Filed by 10X Capital Venture Acquisition Corp. III pursuant to

Rule 425 under the Securities Act of 1933, as amended

and deemed filed pursuant to Rule 14a-12

under the Securities Exchange Act of 1934, as amended

Subject Company: 10X Capital Venture Acquisition Corp. III

(Commission File No. 001-41216)

Date: October 24, 2023


Transcript of Speech by Jeff Galvin, CEO of American Gene Technologies International Inc., at iCFO Virtual Investor Conference on October 24, 2023

Hi, my name is Jeff Galvin.



I’m the CEO of Addimmune, where we are creating an attempt to cure HIV.



I know that sounds like a bold statement, but in fact, we believe that HIV is curable.



We’re using gene and cell therapy.



We have already gone through a Phase One that is showing some promise that we’re on track and we also have an analytic treatment interruption study that has given us some tremendous data on the immunology behind HIV and some remarkable efficacy data that is giving us some optimism that we’re not just on track, but we’re in the lead on this important market.

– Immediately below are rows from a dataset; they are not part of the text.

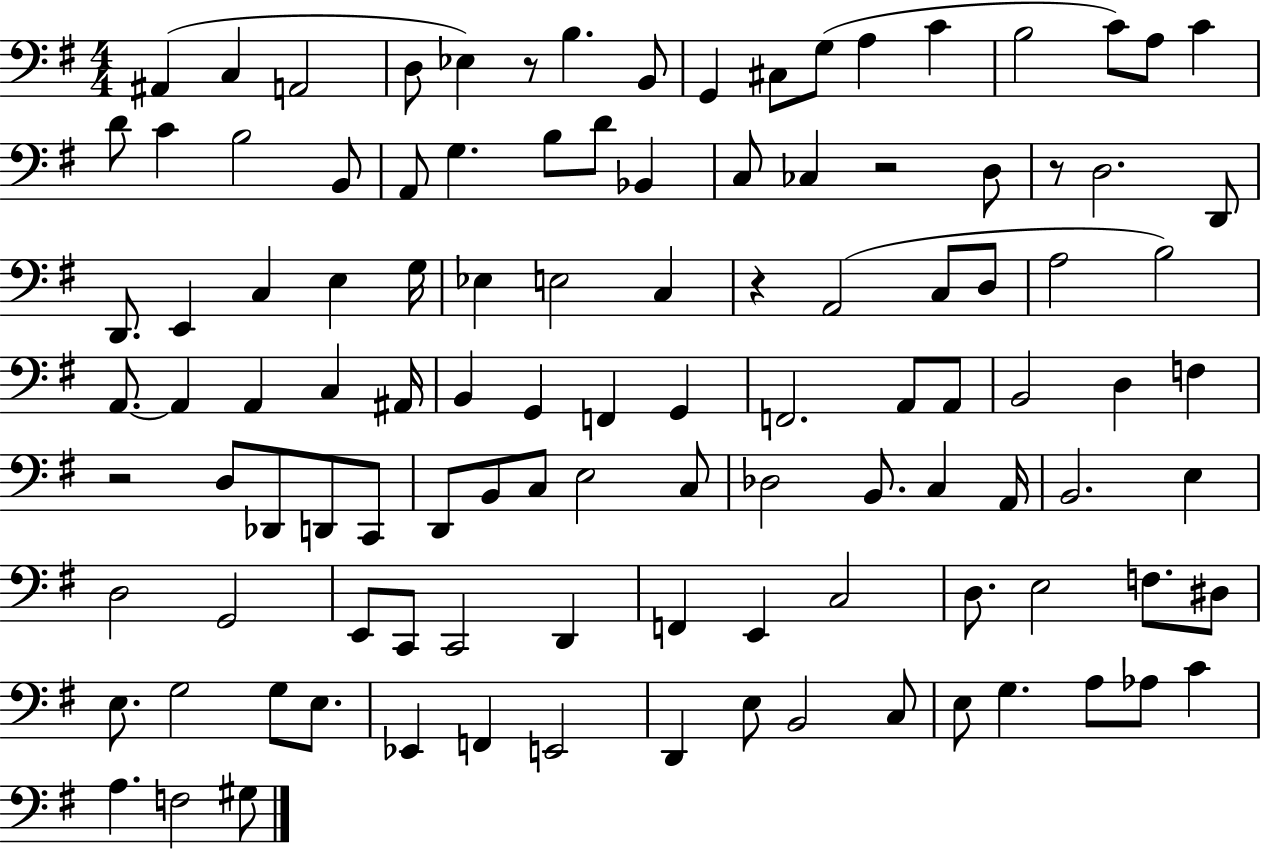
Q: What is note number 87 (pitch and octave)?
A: E3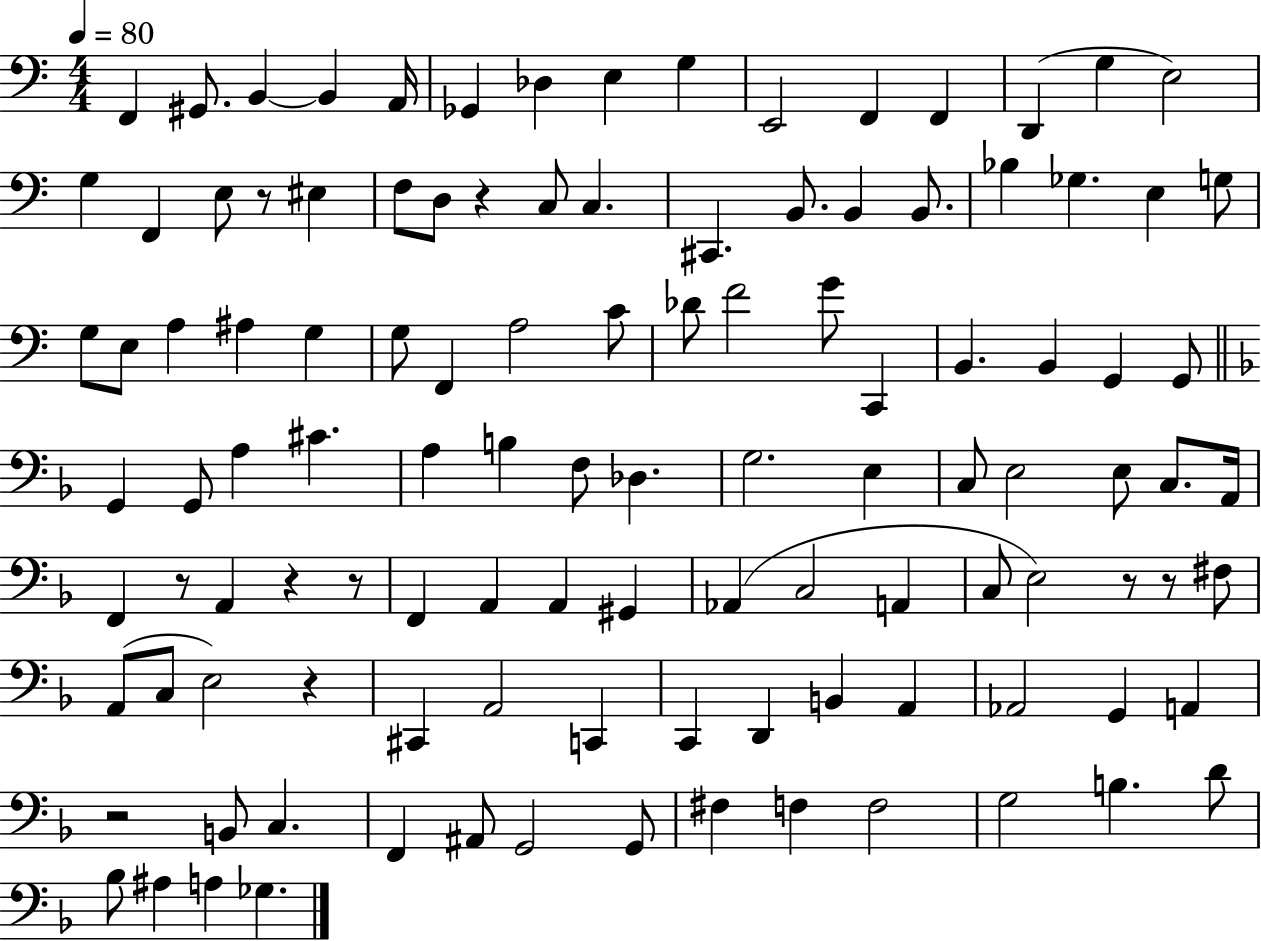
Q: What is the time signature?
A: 4/4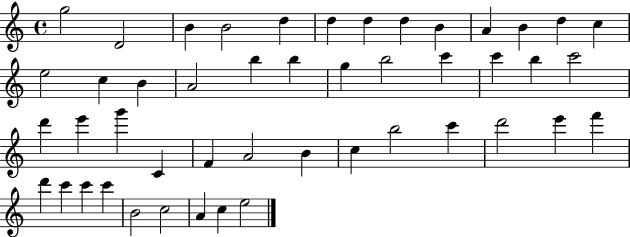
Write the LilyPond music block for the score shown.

{
  \clef treble
  \time 4/4
  \defaultTimeSignature
  \key c \major
  g''2 d'2 | b'4 b'2 d''4 | d''4 d''4 d''4 b'4 | a'4 b'4 d''4 c''4 | \break e''2 c''4 b'4 | a'2 b''4 b''4 | g''4 b''2 c'''4 | c'''4 b''4 c'''2 | \break d'''4 e'''4 g'''4 c'4 | f'4 a'2 b'4 | c''4 b''2 c'''4 | d'''2 e'''4 f'''4 | \break d'''4 c'''4 c'''4 c'''4 | b'2 c''2 | a'4 c''4 e''2 | \bar "|."
}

Now the story starts with a company called American Gene Technologies where we created a platform of components that we could mix and match together to form the foundation of new gene and cell therapy products.



This gave us an efficient way to create a variety of different potential drugs and HIV was one of the experiments that we did that worked out really well.

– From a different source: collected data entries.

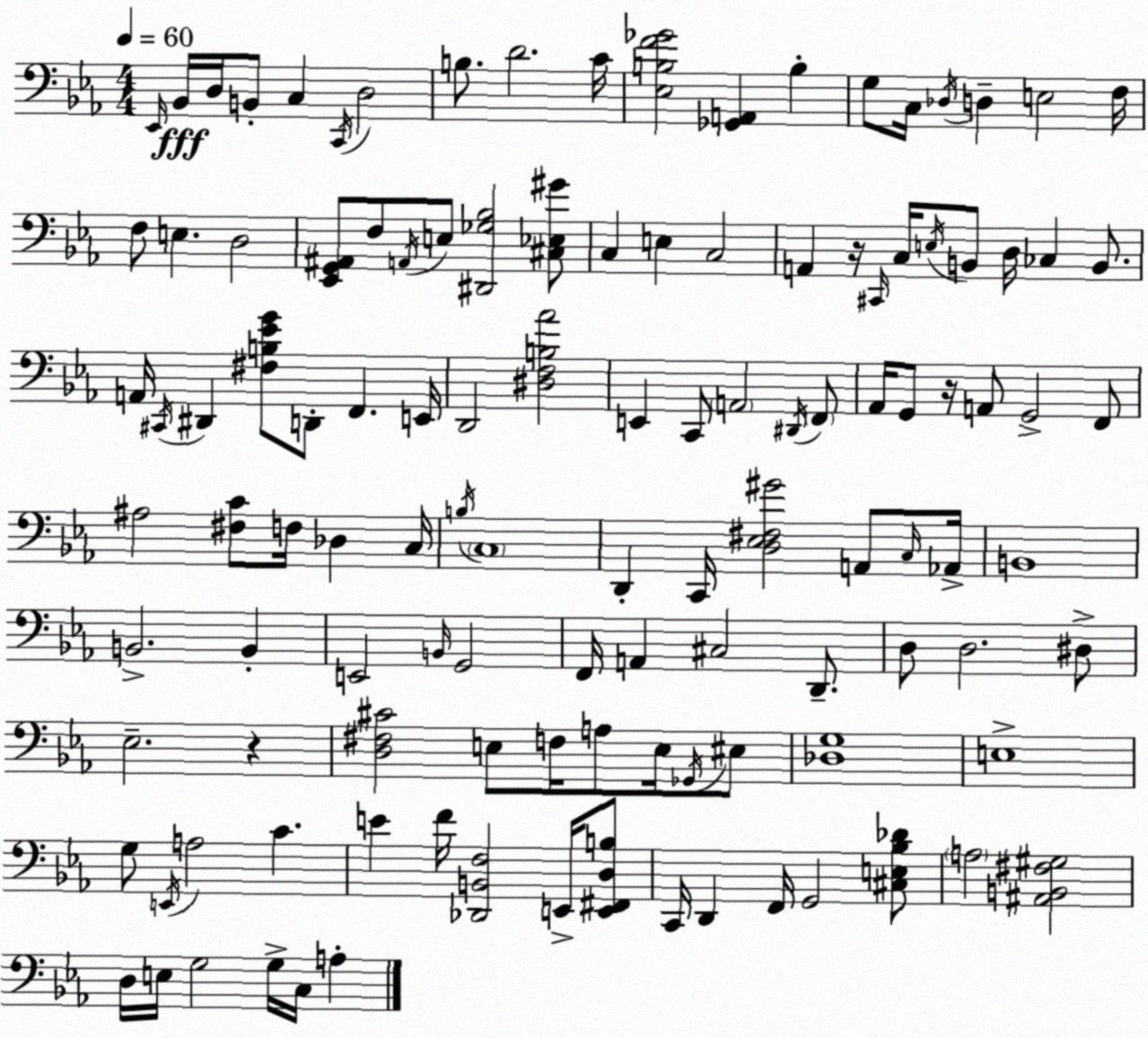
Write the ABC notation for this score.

X:1
T:Untitled
M:4/4
L:1/4
K:Eb
_E,,/4 _B,,/4 D,/4 B,,/2 C, C,,/4 D,2 B,/2 D2 C/4 [_E,B,F_G]2 [_G,,A,,] B, G,/2 C,/4 _D,/4 D, E,2 F,/4 F,/2 E, D,2 [_E,,G,,^A,,]/2 F,/2 A,,/4 E,/2 [^D,,_G,_B,]2 [^C,_E,^G]/2 C, E, C,2 A,, z/4 ^C,,/4 C,/4 E,/4 B,,/2 D,/4 _C, B,,/2 A,,/4 ^C,,/4 ^D,, [^F,B,_EG]/2 D,,/2 F,, E,,/4 D,,2 [^D,F,B,_A]2 E,, C,,/2 A,,2 ^D,,/4 F,,/2 _A,,/4 G,,/2 z/4 A,,/2 G,,2 F,,/2 ^A,2 [^F,C]/2 F,/4 _D, C,/4 B,/4 C,4 D,, C,,/4 [D,_E,^F,^G]2 A,,/2 C,/4 _A,,/4 B,,4 B,,2 B,, E,,2 B,,/4 G,,2 F,,/4 A,, ^C,2 D,,/2 D,/2 D,2 ^D,/2 _E,2 z [D,^F,^C]2 E,/2 F,/4 A,/2 E,/4 _G,,/4 ^E,/2 [_D,G,]4 E,4 G,/2 E,,/4 A,2 C E F/4 [_D,,B,,F,]2 E,,/4 [E,,^F,,D,B,]/2 C,,/4 D,, F,,/4 G,,2 [^C,E,_B,_D]/2 A,2 [^A,,B,,^F,^G,]2 D,/4 E,/4 G,2 G,/4 C,/4 A,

And actually it got so much momentum that in 2019 we applied to the FDA for a clinical trial, we submitted an IND [Investigational New Drug] and it was approved in 2020.



In 2022, we wrapped up the study and we’ve reported the data back to the FDA.



It was a very successful Phase One that showed not only safety but markers of efficacy.



We followed that with an analytic treatment interruption study that showed a tremendous ability of these, what they’re called modified cells or cell therapy.



To suppress virus and eliminate it from the body.



And this, I think is what is giving us so much optimism about the future of HIV.



But you may be thinking, well, is HIV really a big problem? Well, the reality is that it it is.



If you were living with HIV you would know this.



Or if you knew somebody with HIV, you would also probably appreciate that it is very difficult to live with HIV.






It requires a lot of extra doctors visits, monitoring, it requires taking a daily pill or recently there is a new bi monthly injection.



That has to also be taken for life.



But these are chemotherapeutics that cause side effects and there is a cost associated with that.



Not just the cost of the medicine itself, but the cost of the side effects.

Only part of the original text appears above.